读书的方法,一旦归纳起来,多带有个人特色。
我的年龄决定了我的特色。20世纪50年代中期,可供青少年读的书并不多,到文革,就更少得可怜了。那时,借到一本书相当不容易,必须在规定时间内归还。为此,一旦得手,就得讲求一个“快”字,快读。虽快,并不漏,重要段落还可再看两遍。快的结果是,在书籍匮乏的时代,反倒读了大量的书,而且,书的类型繁杂,正所谓饥不择食,食不择精,多多益善。
慢读,是相对先前的快而言。20世纪80年代以后,书多了,且可以从容读来。这种“从容”还包含了有选择性地读。
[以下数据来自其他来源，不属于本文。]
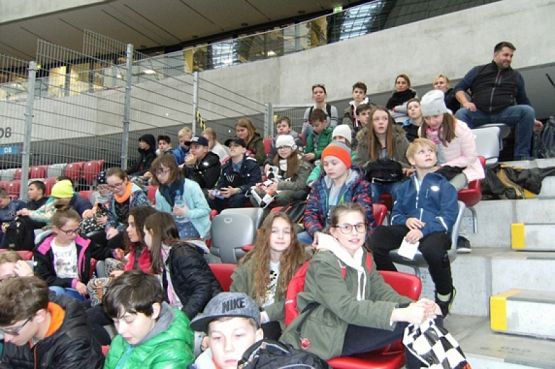  Grafika #1: WYCIECZKA KLAS IV - V DO WARSZAWY grafika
比如,我当时酷爱读小说,长中短篇都读,其中,又多读中篇小说,这是因为我的文学创作以中篇小说为主。这种阅读,属于带着问题和渴求读,读来受益极大。我读的较多的是中国古代文学作品,于是,我的作品更多的蕴含了传统味道。
60岁以后,我的阅读量减少,但比较讲求细读。一本书一篇作品,不求一时看罢,而是边读边思,或放一段再读。这种阅读,有助我提高思辨力和创作力。思辨,是对曾经有过的素材再认识;而创作,则是在新的认识层面,以新的架构和语言重新打造文字房宇,使之更加坚固与丰满。
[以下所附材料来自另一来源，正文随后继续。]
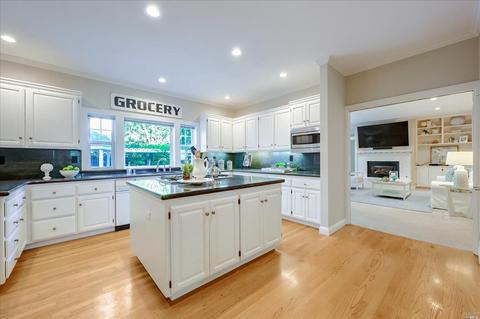 9951 Troon Ct, Windsor, CA 95492 photo 8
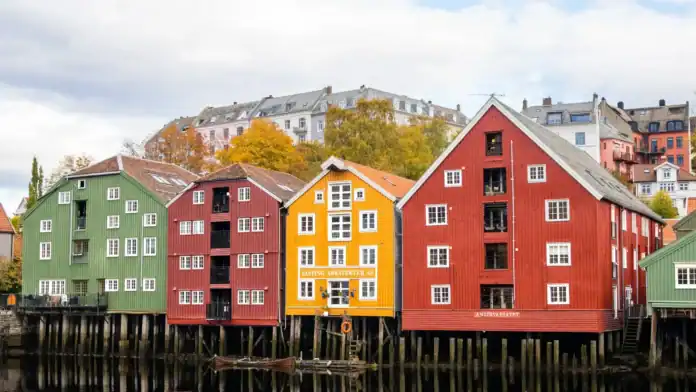 Trondheim-Maverix---Visitnorway.com.jpg Noruega aplica taxa turística para combater problemas com o número de visitantes.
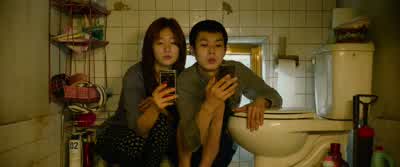 - Should we stand up too?- She's a pro. - Parasite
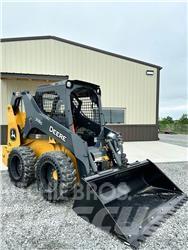 John Deere 318G Kompaktlader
阅读是文化人一生的享受。家里几面墙全是书,散乱的伴至睡眠的,往往是百读不厌的书。享受阅读,可以使人生延长、智慧增长。当下,家居高楼,无人串门,老友散远,儿女在外。老两口于家中话多了免不了抬杠,不如一人一本书、一摞报,各看各的,然后,交流一番阅读收获,家也和谐,人也康乐。